O que você espera do seu carro é o mesmo que espera do automobilismo?

De onde você acha que vem as inovações presentes no seu carro? (Foto: ELMS)

De onde você acha que vem as inovações presentes no seu carro? (Foto: ELMS)

O ser humano é avesso a mudanças. Quem nunca se estressou por ter que fazer um caminho diferente do habitual do que sempre faz para chegar em casa? Ou a mudança da numeração da grade de canais na lista da TV a cabo, que muda depois de dois meses recebendo avisos?

Até o famoso botão iniciar que saiu na versão 8.0 do Windows e voltou agora foi alvo de reclamações, pedições online e tudo o que é de reclamação?

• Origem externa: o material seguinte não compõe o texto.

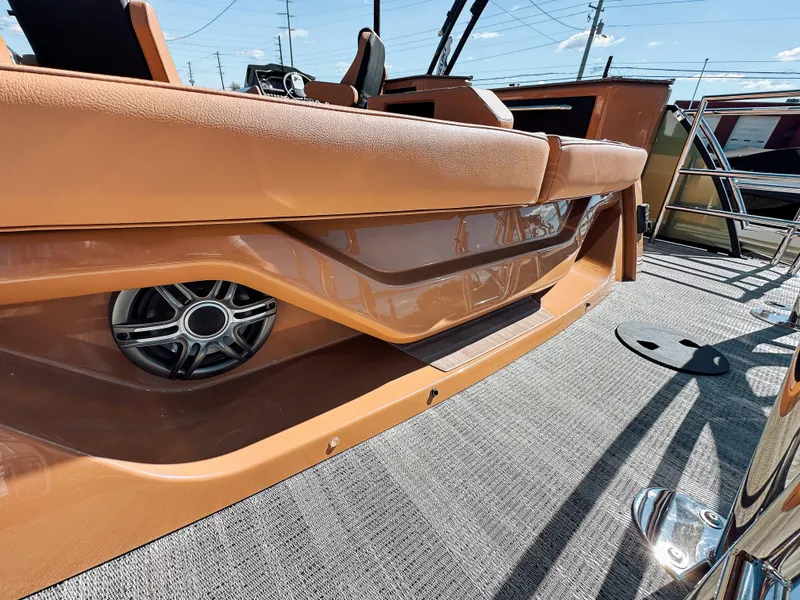 Slide: The Image of 2025 Godfrey AquaPatio 23' Tritoon with flip lounge, featuring sleek design and premium audio system. - 19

Pois é, somos assim e no automobilismo a história não é diferente. Nos anos 80 quando surgiram os primeiros carros a álcool no Brasil, poucos gostaram da ideia. Lembro que meu pai teve dois, uma Panorama e uma Elba que eu carinhosamente chamava de chaleira. O motivo? A fumaceira que fazia nas manhas frias, quando custava a pegar.

Meu pai não reclamava, os carros atendiam seus anseios. Fato parecido também nos anos 80 e começo dos 90 eram a aversão a carros de 4 portas. Renegados a ser carros de taxi, poucos queria ter, desconsiderando a praticidade.

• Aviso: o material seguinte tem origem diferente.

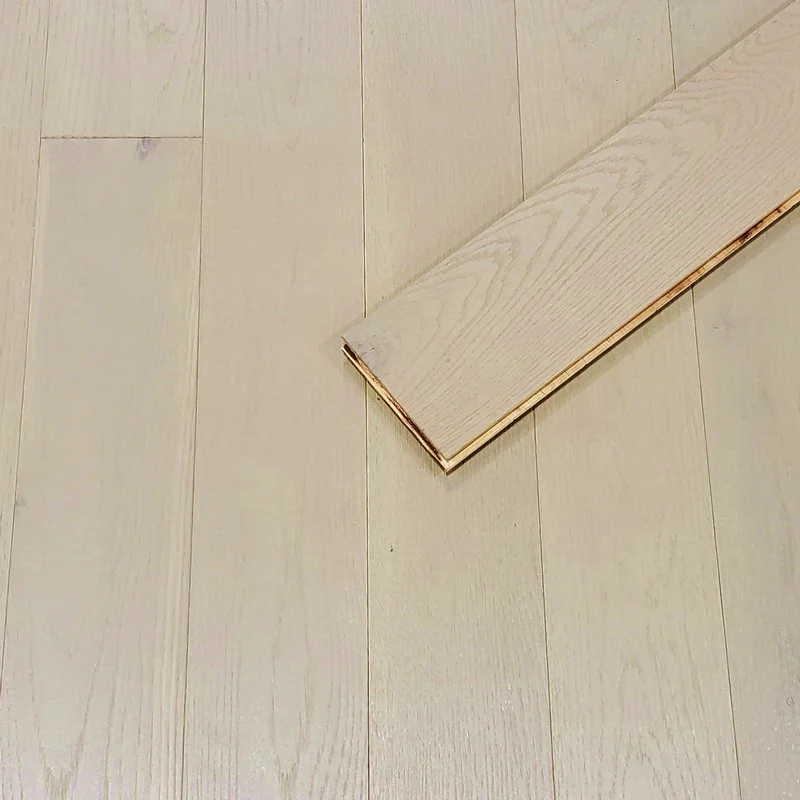 Close-up of wire-brushed hickory showing rich grain and matte UV lacquer finish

Hoje todos querem um carro flex e que tenha 4 portas. Mesmo aquela pessoa solteira que usa mais as duas portas traseiras do que o próprio porta malas. Assim é com o automobilismo.

Em 1923, Charles Faroux e Georges Durand tiveram a brilhante ideia de desenvolver uma corrida para ajudar no desenvolvimento dos carros na França. As 24 horas de Le Mans.

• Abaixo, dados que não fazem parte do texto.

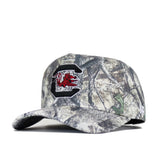 The No Rivals South Carolina Outland Hat features camo print, a large embroidered C with a red gamecock logo on the front, a small white side logo, and a structured fit. Officially licensed for authentic style.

Desde então vários componentes oriundos das pistas foram introduzidos nos carros de série. Freios a discos, para brisas mais resistentes, pneus que duram mais e por ai vai. Hoje um consumidor não quer apenas o famoso trio (ar, vidro e direção), ele quer mais. Quer sensores por todo carro, pneus que não furam, sistemas inteligentes e controles de tração.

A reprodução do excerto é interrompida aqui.